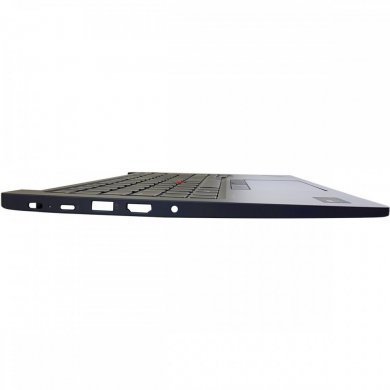 AP39F00030 Carcaça palmrest Lenovo Thinkpad E14 Gen 6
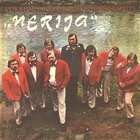 Nerija - Nerija (Vinyl)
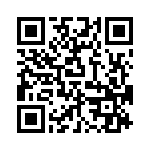 SW-1645A-09 QRCode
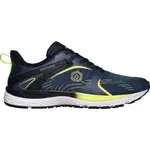 Arcore NIPPON IV Pánska bežecká obuv, tmavo modrá, veľkosť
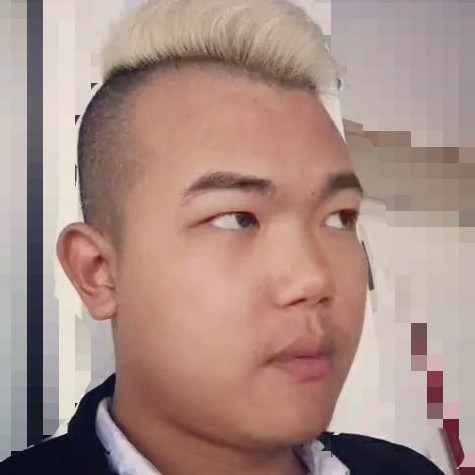 机器猫遇見勤恳的照片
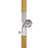 Gallo 6.5Ft Beach Umbrella-1291784187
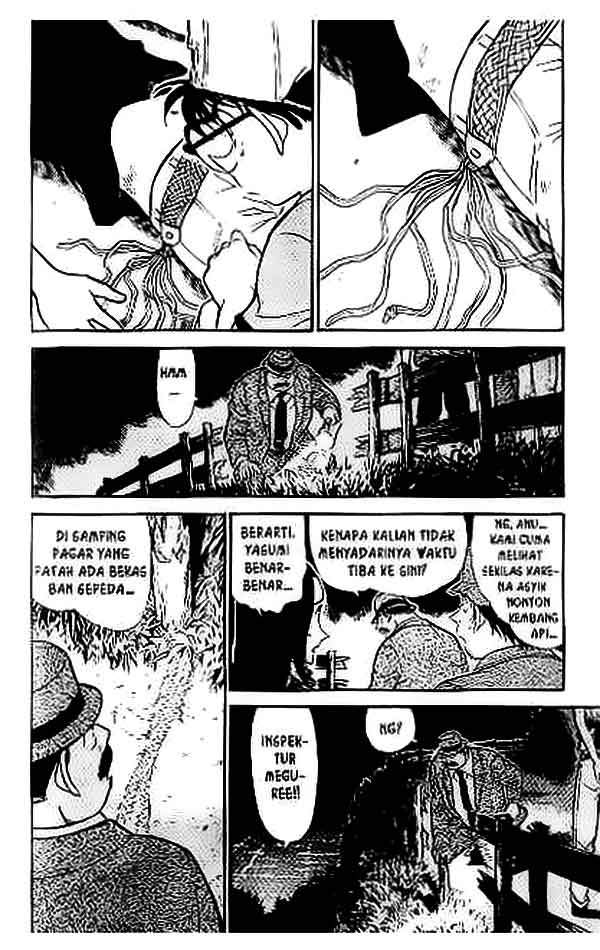 image-komik-detective-conan-chapter-399-4/16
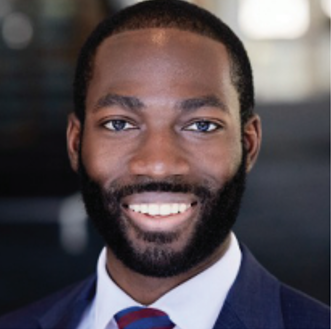 Dennis Akrobetu
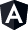 Tools Logo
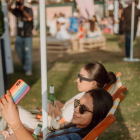 Gastronomía, arte, música y experiencias de marca, marcando un nuevo referente para los eventos culinarios en Samborondón.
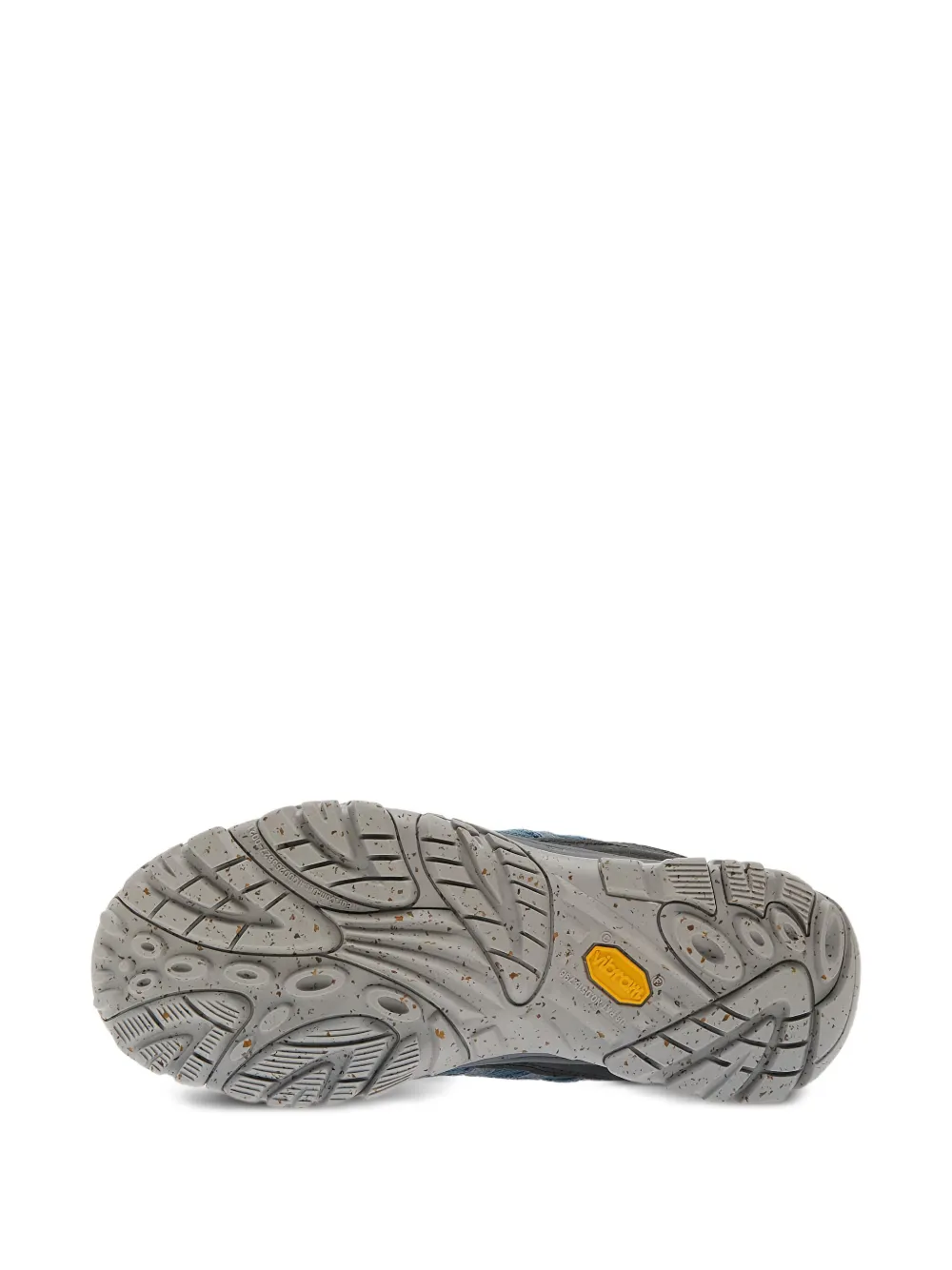 Merrell Moab 2 sneakers Blue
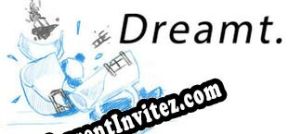 Dreamt (2025) | RePack from LUCiD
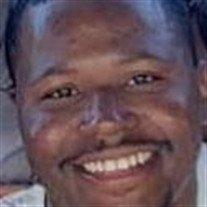 Dennis Bo Lee death by force case profile photo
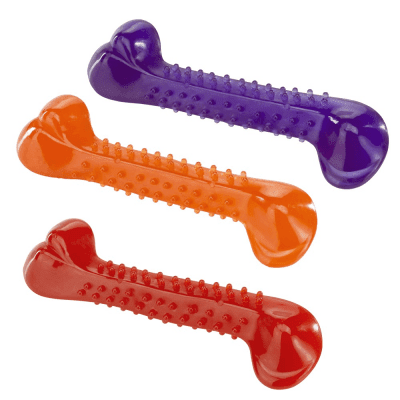 PA 6482 SMALL - ГУМЕН КОКАЛ МАЛЪК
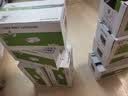 得印CF210A硒鼓四色套装 适用惠普HP LaserJet Pro 200 M251n墨盒M276n M276NW佳能lbp7100cn mf628cw打印机粉盒 实拍图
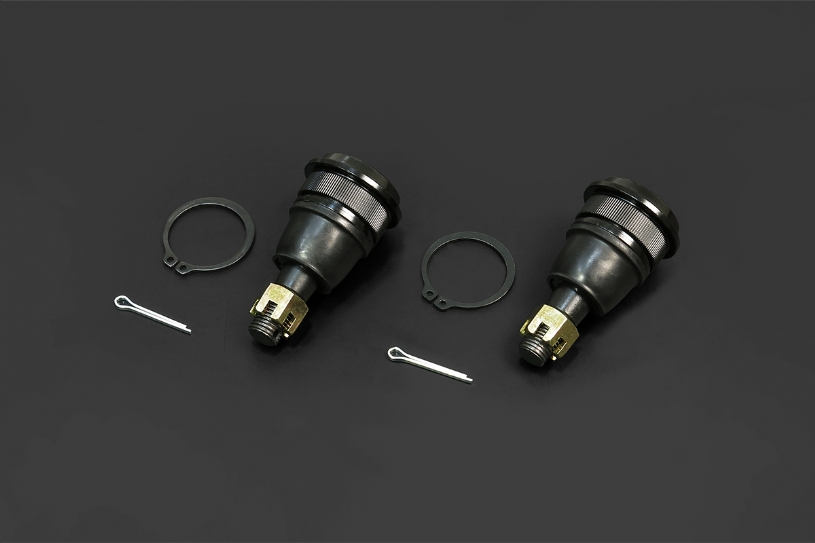 Шаровая опора передняя нижняя HardRace для NISSAN SENTRA B15 2000-2006, HRQ0623 Шаровая опора передняя нижняя HardRace для NISSAN SENTRA B15 2000-2006, HRQ0623
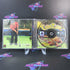Cyber Tiger Tiger Woods + Reg Card PS1 PlayStation 1 MD Complete CIB - Very Good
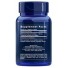 DMAE Bitartrate 150 mg (200 Veggie Capsules) - Life Extension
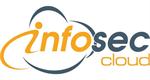 Infosec Cloud Ltd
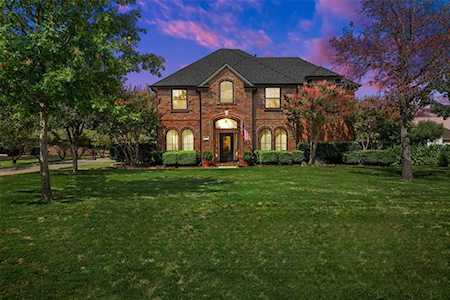 112 Waterwood Circle Shady Shores, TX 76208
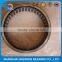 needle bearing NK10/12 NK10/16 NK100/26 NK100/36 NK105/26 NK105/36 NK110/30 NK110/40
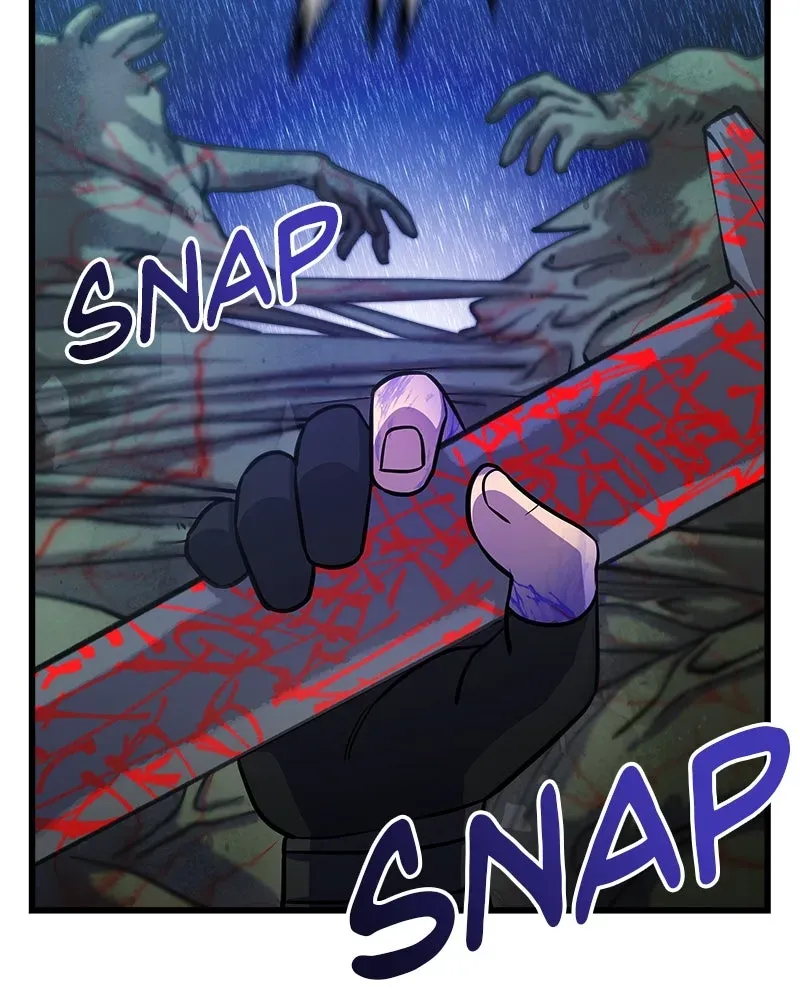 Compatibility Award Chapter 3 page 121 - 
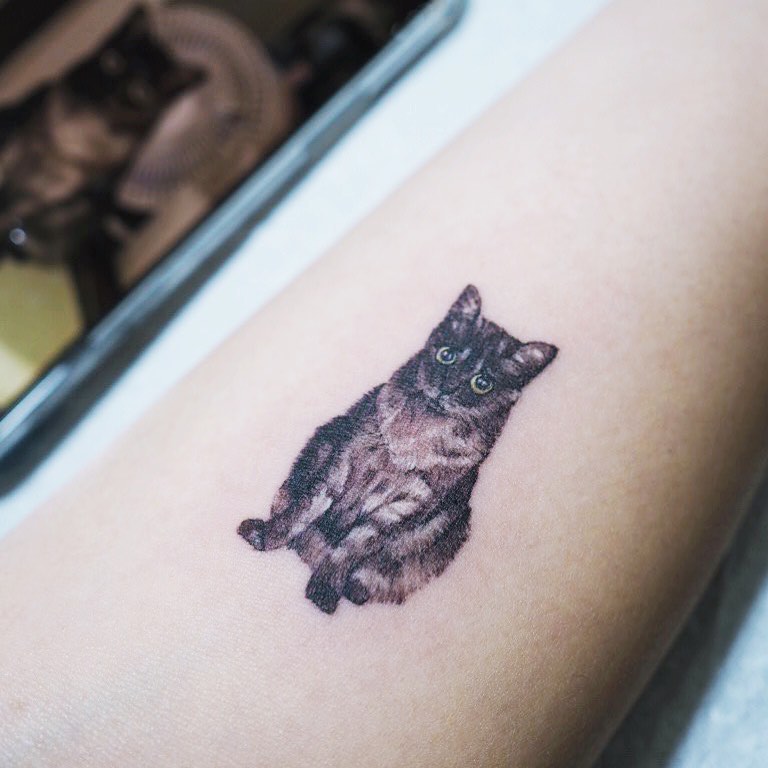 tattooist_yammy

———

> _Problem to solve_: Give back exactly the lines of the listing above from the one that contains "Gallo 6.5Ft Beach Umbrella-1291784187" up to and including the one that contains "得印CF210A硒鼓四色套装 适用惠普HP LaserJet", but not the pictures, and no other lines.

> _Answer area_:
 Gallo 6.5Ft Beach Umbrella-1291784187
 image-komik-detective-conan-chapter-399-4/16
 Dennis Akrobetu
 Tools Logo
 Gastronomía, arte, música y experiencias de marca, marcando un nuevo referente para los eventos culinarios en Samborondón.
 Merrell Moab 2 sneakers Blue
 Dreamt (2025) | RePack from LUCiD
 Dennis Bo Lee death by force case profile photo
 PA 6482 SMALL - ГУМЕН КОКАЛ МАЛЪК
 得印CF210A硒鼓四色套装 适用惠普HP LaserJet Pro 200 M251n墨盒M276n M276NW佳能lbp7100cn mf628cw打印机粉盒 实拍图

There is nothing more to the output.